2. To get an ER visa you must demonstrate your intention to reside in Italy for over one year. I think you got bad information about your ability to work on an ER visa.

3. To get a student visa you need to enroll in a degree program. Language school doesn't seem to cut it any more (and hasn't for several years). Moreover, even if you and/or your wife manage to get a student visa the work options are limited to part-time (20 hours or less per week) in something at least plausibly related to the course of study, e.g. working for the university as a research assistant. Not arbitrary work for an offshore company.

That said, if you and your wife surprise me and somehow figure out a legal way around these roadblocks, please let us all know what the secret is!


----------



## NickZ

The simple part is you wouldn't be in Italy long enough to be classed an Italian resident.

You have four months in one year and two in the next.

So your tax liabilities would be only on what you earned by working in Italy

You could check the social security treaty between the two countries to see what payroll taxes might apply but my limited memory tells me this is an area you could choose to remain an US payer.

I guess it's possible for your employer to worry about you being labeled a permanent work place but if you are working remotely and not conducting business with Italian customers this seems a stretch.

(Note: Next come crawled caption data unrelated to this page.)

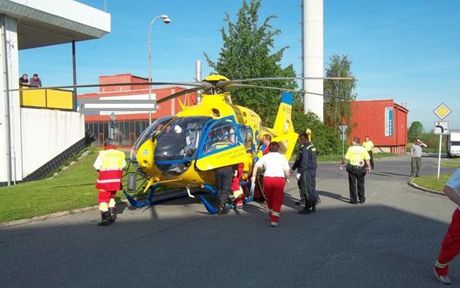 Zásah záchraná u pádu chlapeka z okna v Holicích (10. kvtna 2012)
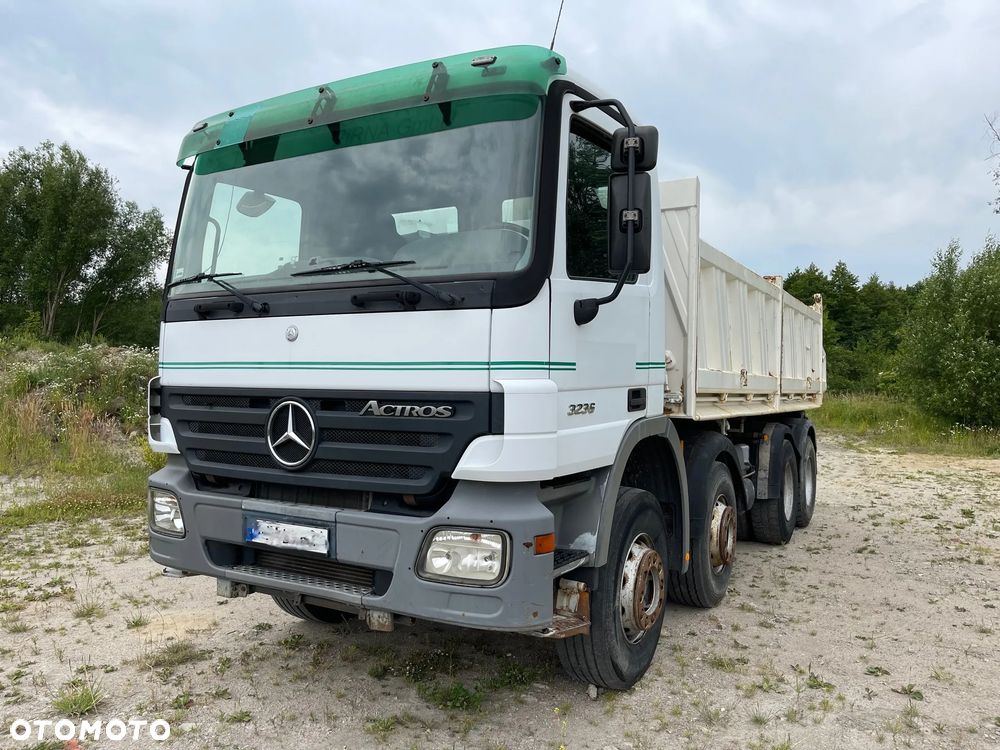 Mercedes-Benz Actros - 1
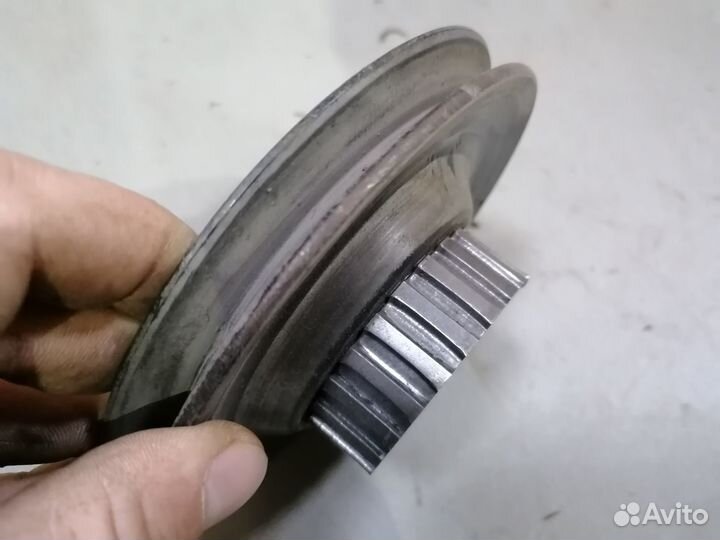 Шкив коленвала с шестерней 1.8 SF VW Golf II 1985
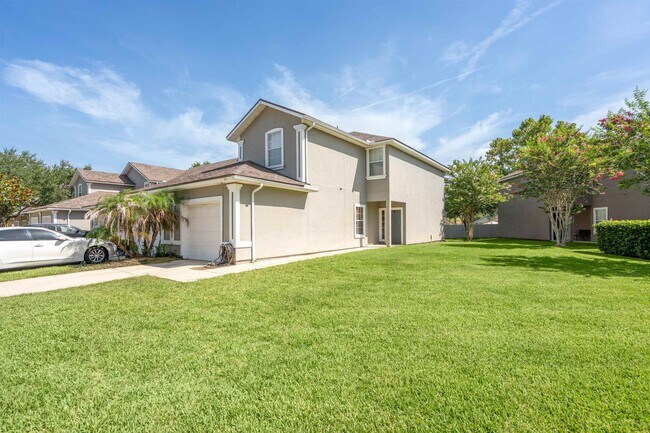 Building Photo - 313 Scrub Jay Dr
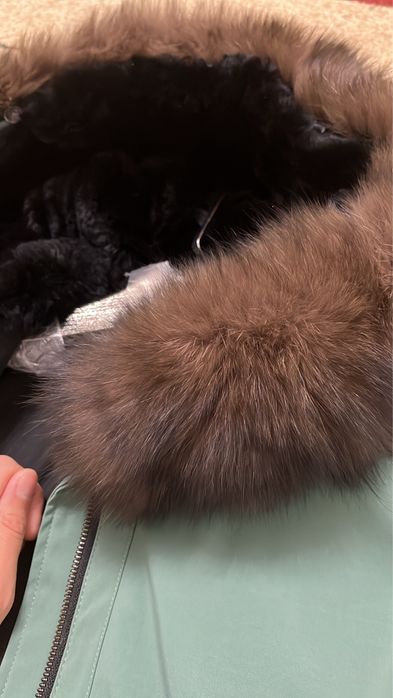 Продам женскую парку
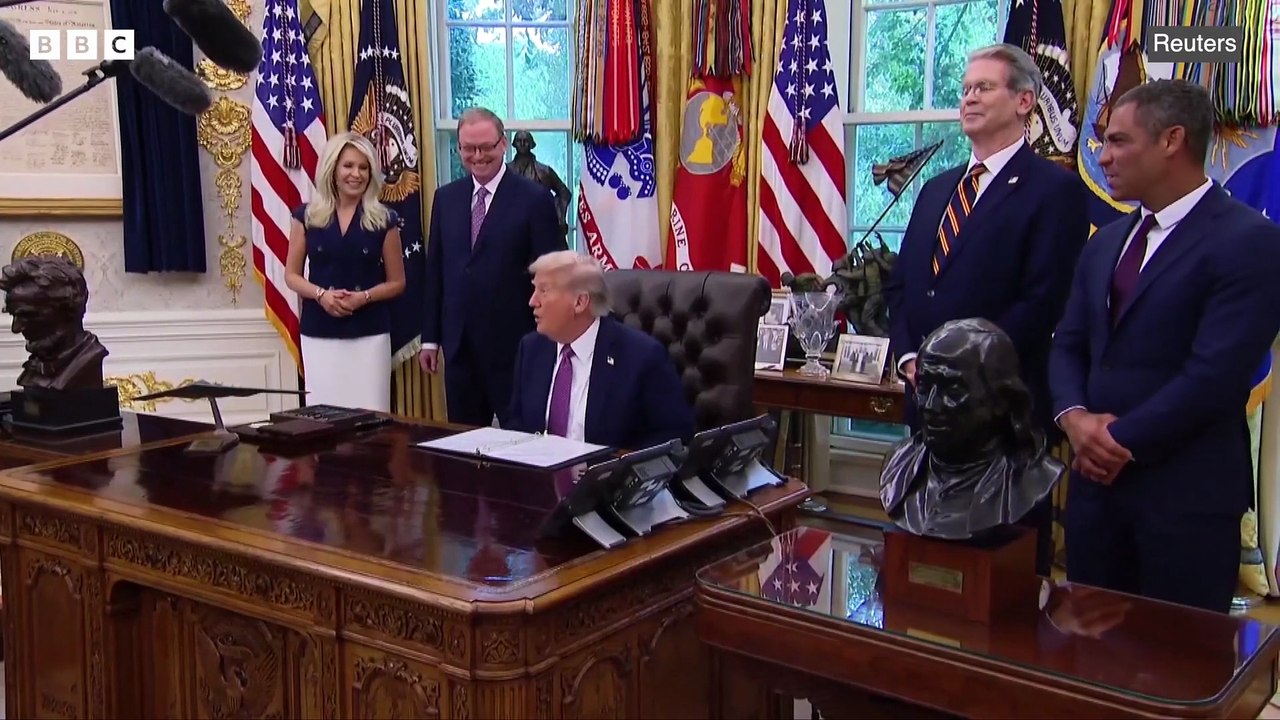 Trump भारत पर नरम हैं या गर्म? एक तरफ़ बता रहे दोस्त, दूसरी तरफ़ 100 फ़ीसदी Tariff की मांग (BBC)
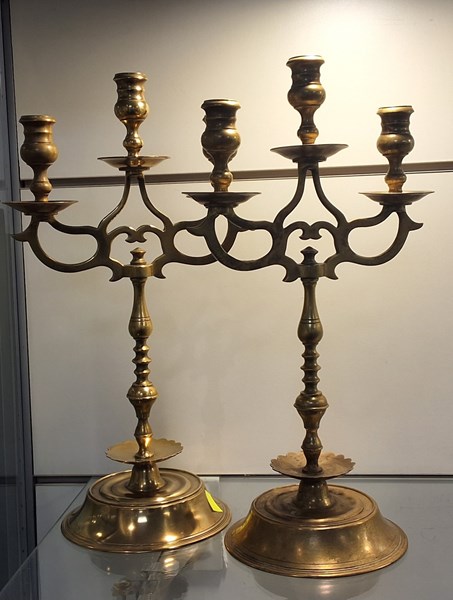 Lot 1335 - CANDLE STICKS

I've no idea but doesn't the IRS give opinions ? If they do that would satisfy your employer. Honestly it would be the only safe thing for your employer to accept


----------



## BBCWatcher

NickZ said:


> You have four months in one year and two in the next.


Hypothetically perhaps, but what visa would allow a six month stay in these circumstances? Would that type of visa allow arbitrary work in Italy?



> I've no idea but doesn't the IRS give opinions ? If they do that would satisfy your employer.


Unlikely. First of all, the employer would also want to know what the _Italian_ tax agency's (Agenzia delle Entrate's) views are. Second, many employers simply don't want to take the risk(s) and are unlikely to be convinced otherwise. There are genuine risks for employers. I can understand their point of view; it's quite common.


----------



## accbgb

I agree on two points:

1. Student visas are granted for university-level degree programs. You can't get a student visa for "Learn to cook like an Italian" courses or basic language courses. In fact, visas for language study are granted only for advanced study and require the student demonstrate significant conversational Italian skills as part of the visa qualification process.

2. ER visas do not permit paid work of any kind, not even remote work for a non-Italian employer. Sure, you might be able to get away with doing so if you keep your mouth shut, but if you get caught there will be hell to pay.

And, an additional point concerning ER visas: you will need to show that you have adequate resources to remain in Italy without becoming a burden to the state. That means passive income (social security, pension, investment income, etc) or sufficient savings to guarantee approximately €30,000 - €35,000 per year per person. Plus pre-paid health insurance, plus other requirements.

The fact of the matter is, it is not easy for a US citizen to spend more than 90 days out of any 180 day period in Italy, just as it is very difficult for an Italian citizen to spend extended periods of time in the US.

Oh, and that 90 day tourist visa waiver? No, you cannot legally work (remotely or not) while in Italy.


----------



## NickZ

BBCWatcher said:


> Hypothetically perhaps, but what visa would allow a six month stay in these circumstances? Would that type of visa allow arbitrary work in Italy?
> 
> 
> Unlikely. First of all, the employer would also want to know what the _Italian_ tax agency's (Agenzia delle Entrate's) views are. Second, many employers simply don't want to take the risk(s) and are unlikely to be convinced otherwise. There are genuine risks for employers. I can understand their point of view; it's quite common.


If the consulate is willing to give them a visa I'm not going to worry about it. No point arguing it isn't possible if they offer it.

It seems to be the employer is willing to take an opinion from a legal firm. That would be worth less then an opinion from the IRS


----------



## Bevdeforges

Oh, the IRS will indeed give you a definitive ruling in your specific case - it's called a "Private Letter Ruling." But it is not at all free for the employer or person requesting it and usually requires some legal bills to properly sum up the specifics of the case in a manner that the IRS can and will issue a ruling. These things can also take months to be issued.

https://www.irs.gov/Help-&-Resource...venue-Procedures,-Regulations,-Letter-Rulings
Cheers,
Bev


----------